I have implemented a function which takes a tensor of size (batch_size x width x height) as input, and returns a tensor of size (batch_size x 1 x 1).

What I would like to do is apply this “convolutionally” to a tensor - in other words, sliding a window across the input tensor, and applying the function to each of these windows in turn, producing an output which (with padding) is the same size as the input tensor.

What would be the best/simplest way to do this?

Is there any reason that prevents you from using nn.Conv2d? I don’t know the exact purpose of your function but at the first glance, I think nn.Conv2d can do the same thing for you.

@KaiyangZhou Unfortunately, nn.Conv2d doesn’t work in this case. In essence, nn.Conv2d runs each window of the input through a fully connected linear layer, but my function works quite differently to this.

Perhaps you could explain in more detail about what you want to achieve, so other people who have done this can help you.

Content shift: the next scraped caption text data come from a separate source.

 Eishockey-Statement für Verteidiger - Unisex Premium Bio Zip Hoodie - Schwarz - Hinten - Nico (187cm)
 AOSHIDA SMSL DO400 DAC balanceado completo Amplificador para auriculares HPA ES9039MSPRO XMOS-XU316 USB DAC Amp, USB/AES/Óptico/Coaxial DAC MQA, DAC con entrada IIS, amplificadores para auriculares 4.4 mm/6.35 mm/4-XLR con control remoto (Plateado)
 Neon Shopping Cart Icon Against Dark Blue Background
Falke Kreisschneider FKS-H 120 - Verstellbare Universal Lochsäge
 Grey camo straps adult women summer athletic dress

Perhaps a better way of explaining what I’m trying to do is that I’m trying to find a better way of implementing the following pseudocode:

def convolutional_function(input):
    for x in range(width):
        for y in range(height):
            index window of input
            intermediate_output = myfunction(indexed_input)
            concatenate intermediate inputs

I don’t really understand, was “intermediate inputs” is.
Maybe Tensor comprehensions could help you out.

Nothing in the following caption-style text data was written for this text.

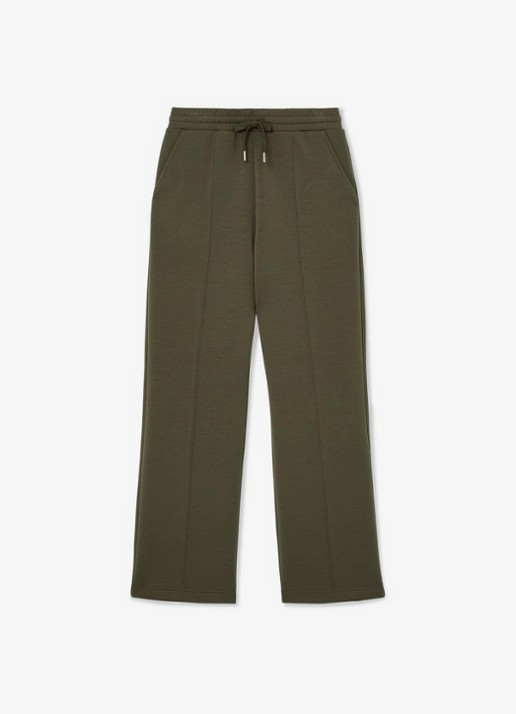Reiss Jemma high waist wide fit joggingbroek met steekzakken - voorkant 6 olijfgroen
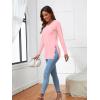 imageLYANER Womens Button Split Slit Sides Scoop Neck Long Sleeve Blouse Tunic TopLight Pink
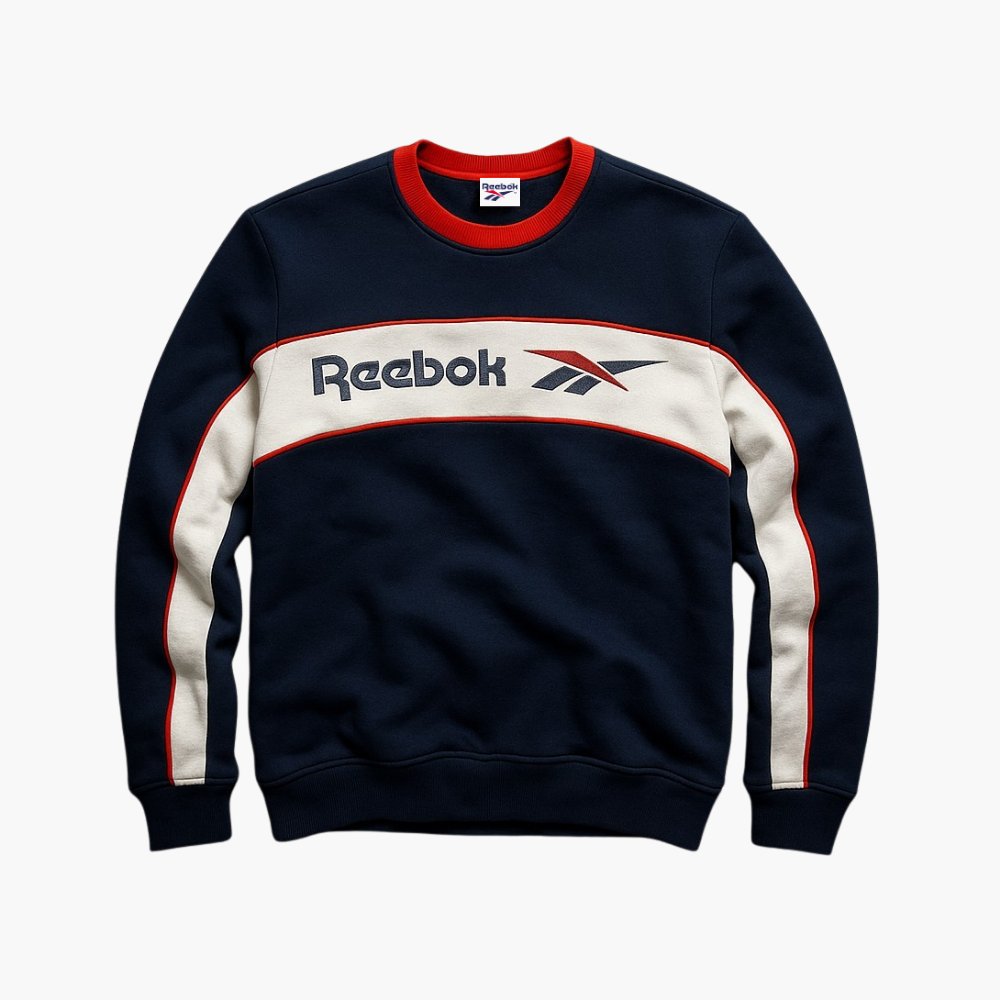 Reebok Vintage Knit Sweater Navy / White Embroidered Logo (S)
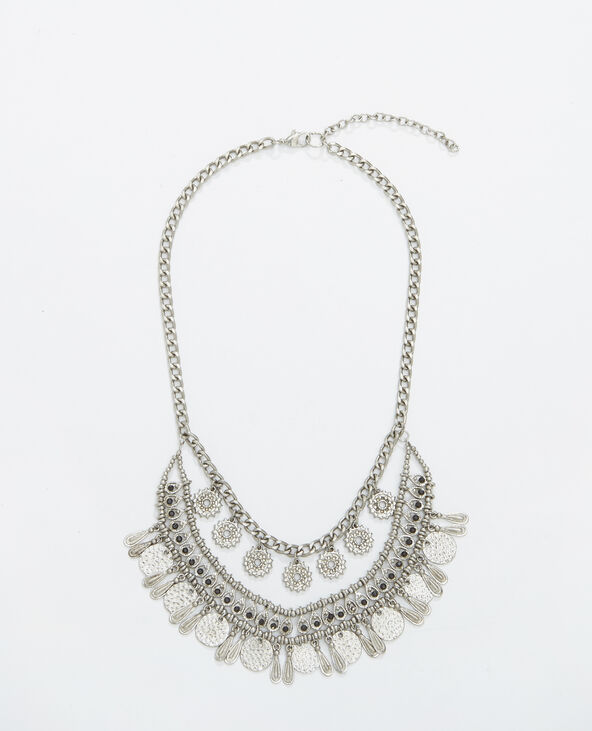Collier plastron argenté - Pimkie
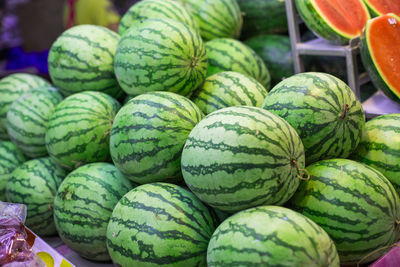 Close-up of pumpkins for sale in market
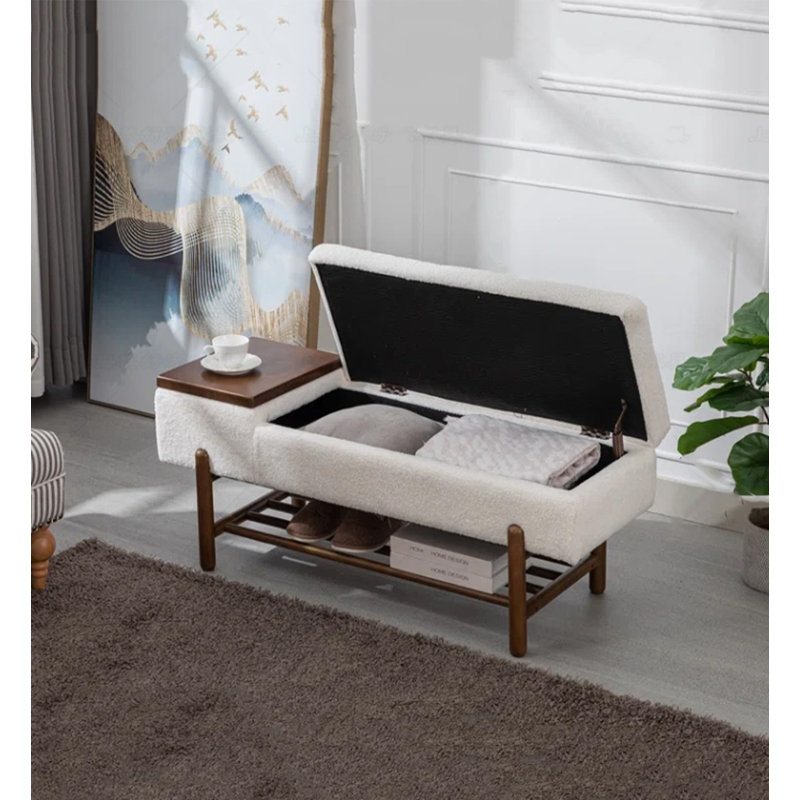 Berber Fleece Upholstered Multifunctional Solid Wood Storage Ottoman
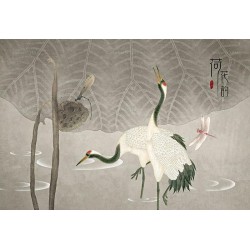 Fresque chinoise vintage - Grues dans l'étang avec lotus et libellules, ton gris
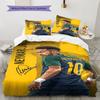 Neymar Pattern Bedding,Quilt Set Quilt Cover Pillowcase Home Birthday Gift(1 * duvet cover + 2 * pillowcase, without core)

I agree, tensor comprehensions would definitely work well, except for the fact that, at present, they only support fixed-size inputs

OK, buy could you post your method in the “Einstein notation” ? Maybe we could still use vanilla convolutions.

Unfortunately, I do not currently know “Einstein notation”

No worries, let’s go through your example.

index window of input

Are you indexing it using x and y or something like x:x+width etc.
Intermediate output is just a scalar?
What happens in the last line?

Thanks very much for your help. In answer to your questions:

  1. It’s “something like x:x+width etc.” - It’s indexing a portion of the input. In fact, I think it would be more akin to x-0.5*kernel_size:x+0.5*kernel_size
  2. Yes (or a tensor of size(number of batches x 1 x 1))
  3. The last line isn’t really correct. My point was just that the scalar outputs need to be joined together into a 2d tensor

BTW: the pseudocode does not account for padding, but this would be necessary to ensure input and output sizes of the function are equal

Ok, so as far as I understand, the operation is equal to a convolution regarding the size, stride etc., but instead of the dot product, you would like to perform some other operation.

Tensor comprehensions might work, but currently doesn’t support padding.

What do you think of using im2col as a potentially ugly hack?
Would that work for your function?
Have a look at Pete Warden’s blog post.